中国铁路企业并没有局限于铺设铁路这一体力工作。它们希望开始签订高速铁路相关设备的海外销售合同,包括机车和信号系统。圣保罗与里约热内卢之间拟建的高铁线路有可能成为它们的第一家海外客户。

这种经济联系之所以成为可能,有两个主要因素。其一,因为中国培养出的新一代企业所生产的资本货物如今已经具有国际竞争力。它们为发展中国提供的火车、电厂、采矿机械和电信设备,质量合格,价格却常常比跨国企业低很多。

第二个因素是,中国的银行体系得到全面动员,紧随企业前进步伐,为它们提供金融支持。中国工商银行(ICBC)高管易会满最近在一次会议上表示,工行正与政府合作,在全球各地推行"铁路+融资"的服务模式。巴西亚马逊地区巨型铁矿的运营商淡水河谷(Vale)上周五宣布,与两家中国银行签署了12.3亿美元的信贷合约,为从中国一家造船厂购买12艘巨型货轮提供资金,这些货轮将用于中巴两国间的铁矿石运输。
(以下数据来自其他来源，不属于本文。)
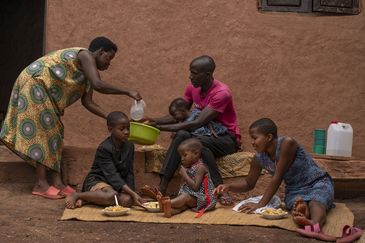 ACORD beneficiaries Kamusiime Joy, 38, her husband Kamugisha John, 45, their youngest son Levison Kamugiso, three months old, Immaculate Amatwire, 13 (right), Sheeran Akampulira, 3 (centre), and Davis Tusiime, 10 (2nd left), wash their hands prior to having lunch at their home in Kikunda 1 village, Rwampara District, western Uganda, on January 29, 2025.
这些交易的规模显然远远不及中国政府所持有的美国国债规模(据估计约有1.5万亿美元),但其基本动力是相同的——中国金融体系正开始循环利用其所持的部分外汇储备,将其投入发展中国家贸易伙伴的经济,以求刺激对中国商品的需求。

其影响在中国贸易数据中已经显而易见:过去一年中国面向发展中国家的出口涨幅最大。今年上半年,中国与东盟(Asean)的贸易额增长54.7%,与巴西的贸易额增长60.3%。

如果说中国投资确实开启了其他发展中国家的增长周期,那么这对全球经济而言也将是一针强心剂,如今许多主要经济体增长前景低迷,有些甚至面临二次探底的风险。来自中国的需求和不断增长的投资相结合,是上半年巴西经济得以实现8.9%这一中国式创纪录增长速度的原因之一。

然而,对于西方经济体而言,这其中还涉及许多风险。这场投资热潮可能迎来一个发达国家跨国公司与中国国有企业激烈竞争的新时代。而中国国企得到的强大财务支持也可能引发指责,称它们没有公平竞争。最近几个月,一些跨国公司——通用电气(GE)与西门子(Siemens)——对中国政府的产业政策提出了公开批评。也许不足为奇的是,它们所在行业正是中国竞争力日益强劲的行业,例如电力设备与铁路。

中国的新增实力也对美元的未来提出了疑问。中国官员曾经讨论过一个长期目标,即用一篮子货币(其中可能包含人民币)取代美元作为全球储备货币。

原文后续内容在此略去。